I’ll do some more digging for you on Issue 1 tomorrow.

Just out of interest, what applications are you planning to run on them?

The versions you mention look up to date, but for sanity, can you double check you’re running the latest components from here: https://my.vmware.com/web/vmware/details?downloadGroup=VIEW-710-ENT&productId=641&rPId=16353

After that, can you have a look at this and see if it helps: View 7.1.0 - VGPU Desktop Pool Limit? - VMware Technology Network VMTN

And if neither of those options work, can you have a look at some of these and see if they help: NVIDIA GRID VGPU support does not match desktop setting - Google Search

Let me know how you get on

Regards

Morning Ben,

We are using it mainly for ArcGIS (including PRO). CAD, Trimble and a few others.

I seem to be all good for the versions. The client and Agent are fully up to date. I have not yet installed the direct agent but have the latest version and its on the to do list today. I have clicked on most of the links you sent above funnily yesterday. Thanks for sending them. All my VMWare tools etc are up to date.

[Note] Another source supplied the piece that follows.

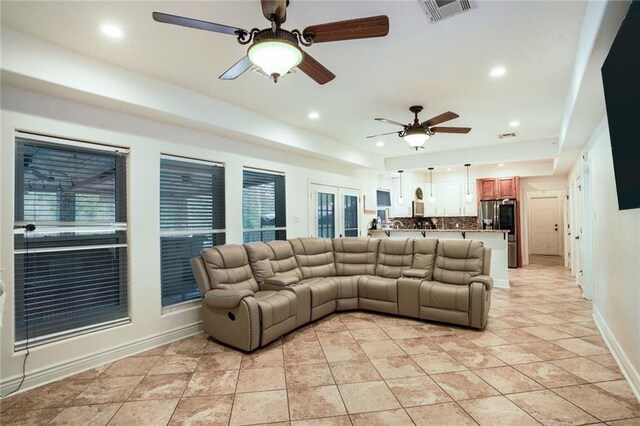 60 Bleu Lake Dr, Covington, LA 70435 - living room with a ceiling fan, baseboards, recessed lighting, plenty of natural light, and light tile patterned floors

This morning I am running into a few bugs…some Nvidia related some horizon

  1. I seem to be able to access the VM’s now via Esxi console…
  2. I cant launch the nvidia control panel or display settings on each VM? This is quite important as i need to register the license on the VM’s with my license server - it appears its not using the nvidia card?
  3. Horizon Client stalls and goes into non responding mode on log off of the VM’s.
  4. using blast extreme connecting to PC on 2 monitors gives a black screen.

Hopefully not anything else…

cheers
Peter

It’s definitely not utilizing the NVidia card anymore. Researching this now but would appreciate any feedback on what the issue may be.
Regards

update: i have resolved my nvidia display issues.I disabled all display drivers including the VMware SVGA one so that only nvidia was shown. ONce i enabled the Vmware SVGA adapter it has come back to life.

Hi

Sorry I’ve not been able to get on here, busy day!

That’s strange, disabling the vSGA should not impact the NVIDIA adapter, they’re completely separate. As said, I don’t even install the driver for it. I’ve taken a screen grab (attached) of my Display Adapter settings in Device Manager, this works without issue and I can run multiple screens (I regularly run up to 4) from it without issue.

On your questions …

Q1 - I seem to be able to access the VM’s now via Esxi console…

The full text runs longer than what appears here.